↓

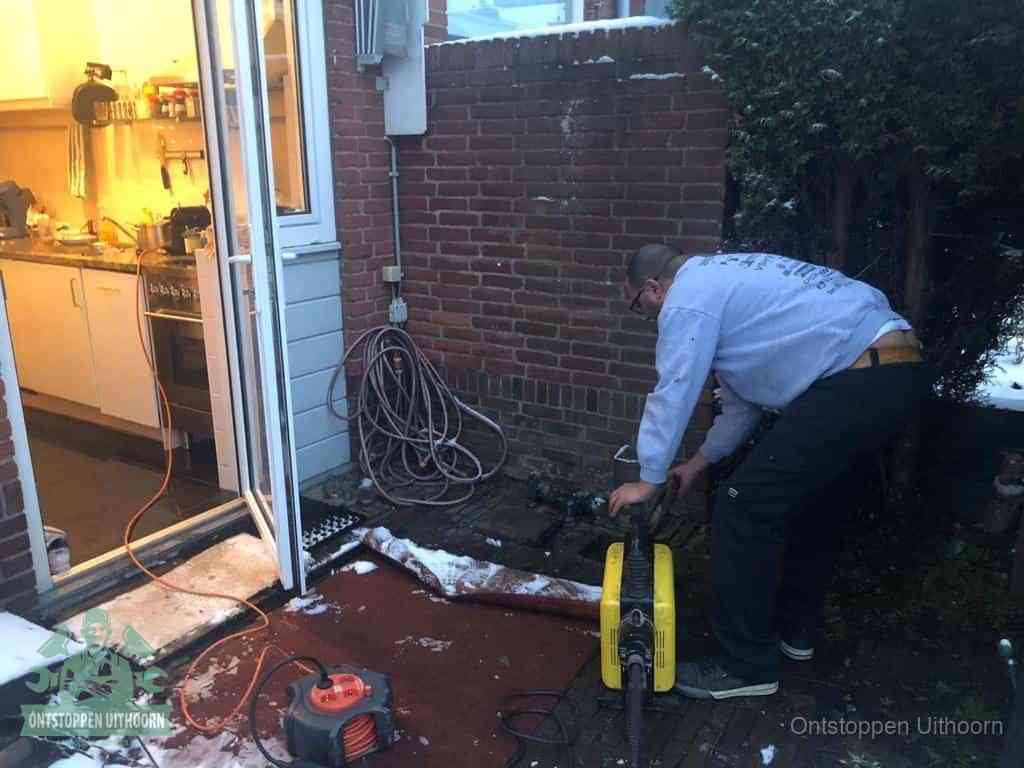 Een monteur werkt buiten bij een open riool-/grondput met een elektrische ontstoppingsmachine om een verborgen afvoerprobleem op te sporen in Uithoorn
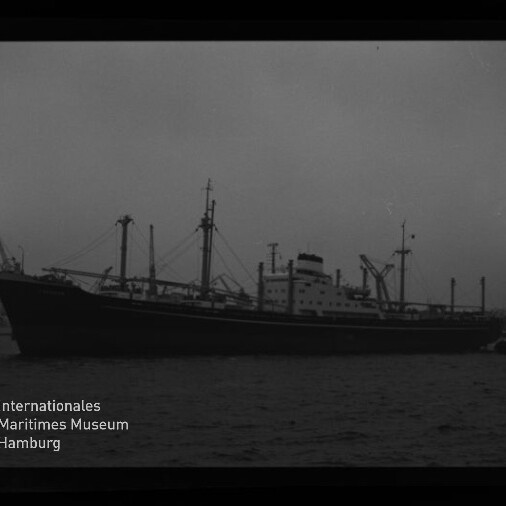 Schwarzweißaufnahme eines langen Frachtschiffs mit mehreren Ladekränen und Masten, im Hafen vor dunklem Wasser liegend, mit sichtbarem Filmrand und Museumssignet in der linken unteren Ecke.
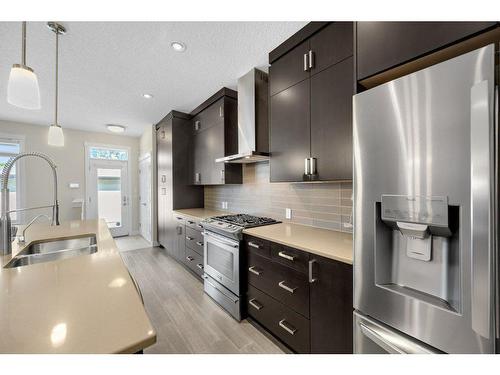 1712 19 Avenue Nw, Calgary, AB - Indoor Photo Showing Kitchen With Double Sink With Upgraded Kitchen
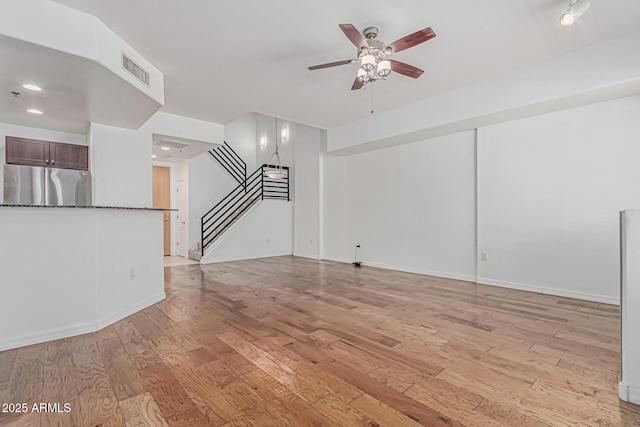 unfurnished living room featuring visible vents, baseboards, stairway, a ceiling fan, and light wood-style flooring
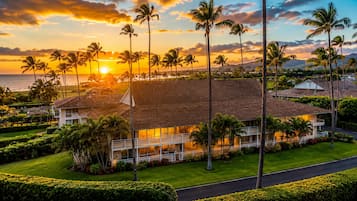 A beachfront property with a large house, palm trees, and a view of the ocean at sunset.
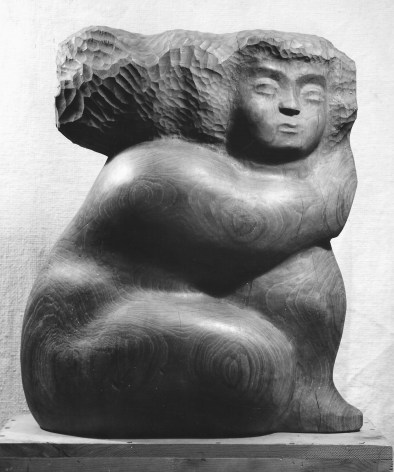 Black and white photo of a rectangular shaped sculpture of a seated woman. Her hair flies back from her head and has pock mark textured detailing. Her limbs are rounded out and stacked upon each other, with her elbow resting on her knee and her other leg tucked behind.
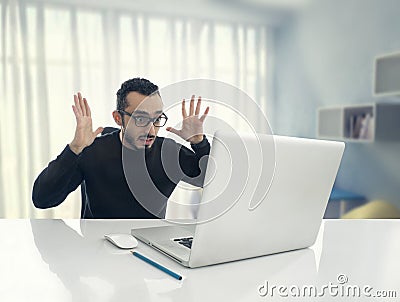 Man Shocked Reading Message on Computer in Office Stock Photo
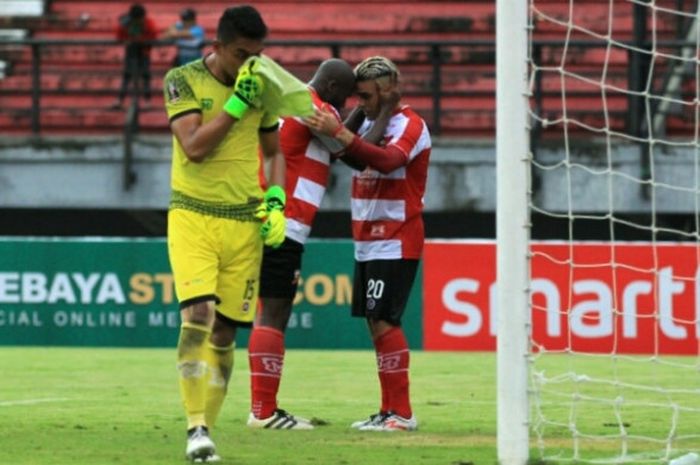 Kiper PS TNI, Tegu Amiruddin (depan) mengusap keringat pada wajahnya seusai gawangnya kebobolan oleh pemain depan Madura United, Cristian Gonzales (kanan) untuk laga lanjutan Grup C Piala Presiden 2018 di Gelora Bung Tomo, Kota Surabaya, Selasa (23/1/2018).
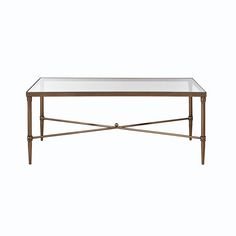 a glass table with metal legs and a gold frame around the top, against a white background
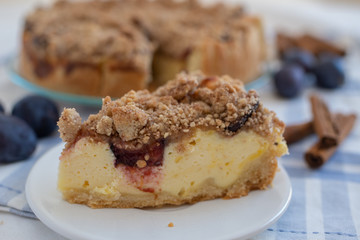 Fresh plum cheesecake with cinnamon and almond crumble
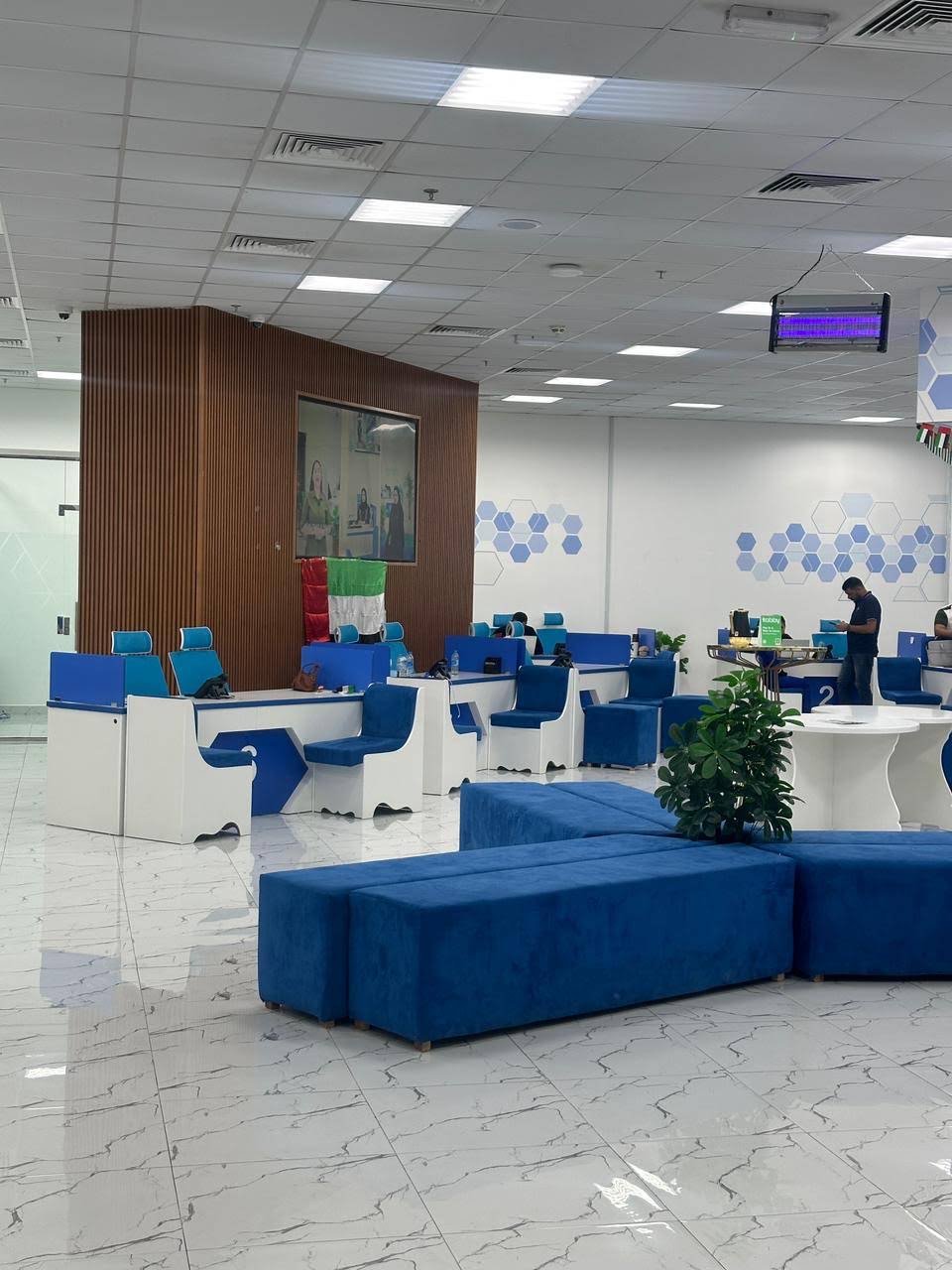 INAYA Ajman waiting benches and numbered counters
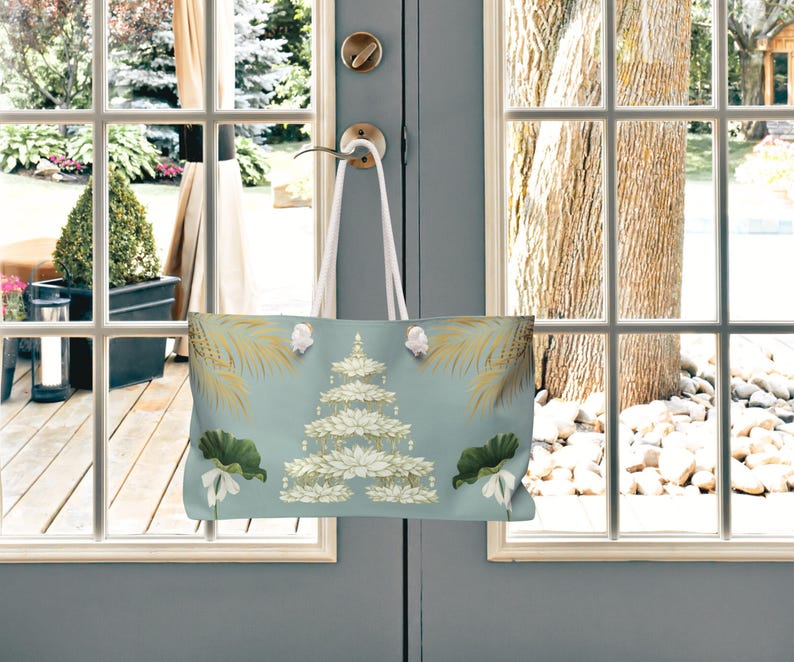 K&ouml;nnte beinhalten: Eine hellblaue Tragetasche mit floralem Design, die an einem T&uuml;rgriff h&auml;ngt. Die Tasche zeigt eine gestufte Blumenanordnung mit wei&szlig;en und goldenen Akzenten sowie gr&uuml;ne Bl&auml;tter und Palmwedel. Die wei&szlig;en Tr&auml;ger der Tasche sind sichtbar.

↑

**YOUR TASK:** Each record above should be copied character for character, with pictures dropped.

**REPLY:**
 Een monteur werkt buiten bij een open riool-/grondput met een elektrische ontstoppingsmachine om een verborgen afvoerprobleem op te sporen in Uithoorn
 Schwarzweißaufnahme eines langen Frachtschiffs mit mehreren Ladekränen und Masten, im Hafen vor dunklem Wasser liegend, mit sichtbarem Filmrand und Museumssignet in der linken unteren Ecke.
 1712 19 Avenue Nw, Calgary, AB - Indoor Photo Showing Kitchen With Double Sink With Upgraded Kitchen
 unfurnished living room featuring visible vents, baseboards, stairway, a ceiling fan, and light wood-style flooring
 A beachfront property with a large house, palm trees, and a view of the ocean at sunset.
 Black and white photo of a rectangular shaped sculpture of a seated woman. Her hair flies back from her head and has pock mark textured detailing. Her limbs are rounded out and stacked upon each other, with her elbow resting on her knee and her other leg tucked behind.
 Man Shocked Reading Message on Computer in Office Stock Photo
 Kiper PS TNI, Tegu Amiruddin (depan) mengusap keringat pada wajahnya seusai gawangnya kebobolan oleh pemain depan Madura United, Cristian Gonzales (kanan) untuk laga lanjutan Grup C Piala Presiden 2018 di Gelora Bung Tomo, Kota Surabaya, Selasa (23/1/2018).
 a glass table with metal legs and a gold frame around the top, against a white background
 Fresh plum cheesecake with cinnamon and almond crumble
 INAYA Ajman waiting benches and numbered counters
 K&ouml;nnte beinhalten: Eine hellblaue Tragetasche mit floralem Design, die an einem T&uuml;rgriff h&auml;ngt. Die Tasche zeigt eine gestufte Blumenanordnung mit wei&szlig;en und goldenen Akzenten sowie gr&uuml;ne Bl&auml;tter und Palmwedel. Die wei&szlig;en Tr&auml;ger der Tasche sind sichtbar.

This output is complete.